In 2011-2012, the last healthy season Brooks Laich had, he was one of 12 forwards in the NHL playing in at least 50 games who had at least 13 minutes of even strength ice time a game, and at least two minutes of both power play and shorthanded ice time a game.  That speaks to the versatility Laich possesses and that can be valuable to this team in 2014-2015. 

Given the presence of Troy Brouwer and Joel Ward (both right-handed shots) in the middle of the power play, it seems unlikely that the left-handed shooting Laich would get that kind of man advantage ice time, but this is a team that needs all the help it can get killing penalties.  Among forwards playing in at least 50 games in 2011-2012 Laich ranked 20th in 4-on-5 ice time per 60 minutes.

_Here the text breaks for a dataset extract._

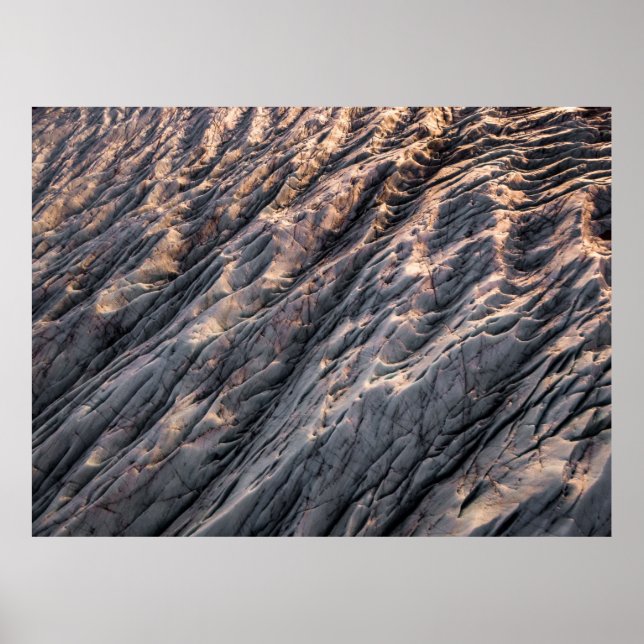 Affiche Nature (Devant)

It might be at even strength, though, where Laich’s presence might be felt most.  Looking back again at that last healthy season, Laich had the second lowest share of offensive zone starts among 11 Caps forwards playing in at least 50 games (43.1 percent).  However, he has a higher share of offensive zone finishes, so he as least moved the tilt a little less in the defensive zone direction, and his team rank in goals-against/on ice per 60 minutes outperformed his offensive zone start shares, implying a certain effectiveness in dealing with tough geography on the ice.

Cheerless’ Take…

That all sounds real nice, Fearless, but he’s 31 years old, has more than 650 games of regular season and playoff experience, and has tried to skate through an injury that still took 70 of 130 games the last two seasons off his resume.  Is it reasonable to think, even if he is anything close to healthy, for him to return to that 2011-2012 version?   Maybe by winter or spring, but in October?

And, it’s a good thing he is versatile, because there is no position that is marked in pen with his name on it.  He could be the first line left wing.  He could be the second line left wing.  He could be the second line or third line center.

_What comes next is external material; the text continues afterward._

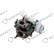 TD VNT RECONSTRUIDO MITSUBISHI 49335-01101, Miniatura 3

Fearless kept comparing Laich to his last healthy season in 2011-2012.  Fine, but that year was two years removed from the last of his career best three years, from 2007-2008 through 2009-2010, when he scored 69 goals and only missed four games.  Four seasons have passed since then.  Any chance he returns to that level of production?

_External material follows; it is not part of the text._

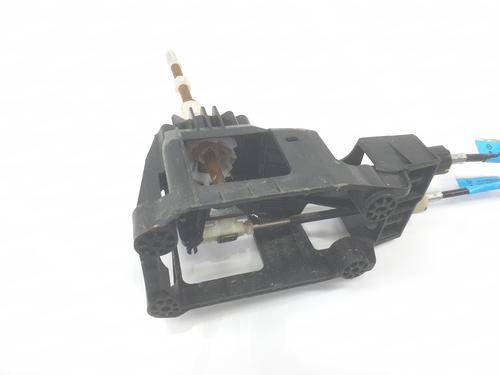 Gear lever DACIA DUSTER (HM_) 1.3 TCe 130 (HMMF) | BP33270868M90 - Image 6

The Big Question… Where will Brooks Laich play?

It is not an urgent question in October, but it might be nice if Brooks Laich had a position to call his own at some point this season.  For one thing, it would signal his being healthy in fact and not just in press releases.  For another it would signal stability across the rest of the forward lines.  The one place where Laich might be the first option is at third line center.  With him in this position, it is an indicator that the Evgeny Kuznetsov experiment at second line center is working.  One might envision such a lineup as having Alex Ovechkin on the left side, Nicklas Backstrom in the middle, and perhaps Eric Fehr on the right side of the top line.  Kuznetsov might be centering Marcus Johansson on the left and Troy Brouwer on the right on the second line.  Laich would be centering Jason Chimera on his left and Joel Ward on his right on the third line.  If Laich is moving around the forward lines, it could be a sign that other things are not working as well as hoped.

In the end…

Although Brooks Laich might feel like he’s five-years old again, he is one of the core players on whom the Caps will be depending for a solid year to get them back into the post-season.  On a team that struggled in 5-on-5 play and penalty killing, Laich will be expected to provide the means to improve in those areas.  It is not the youthful effervescence on which the Capitals will be relying, but the experience earned as the longest tenured Capital in continuous service.  His window, like that of the Caps, is still open a bit.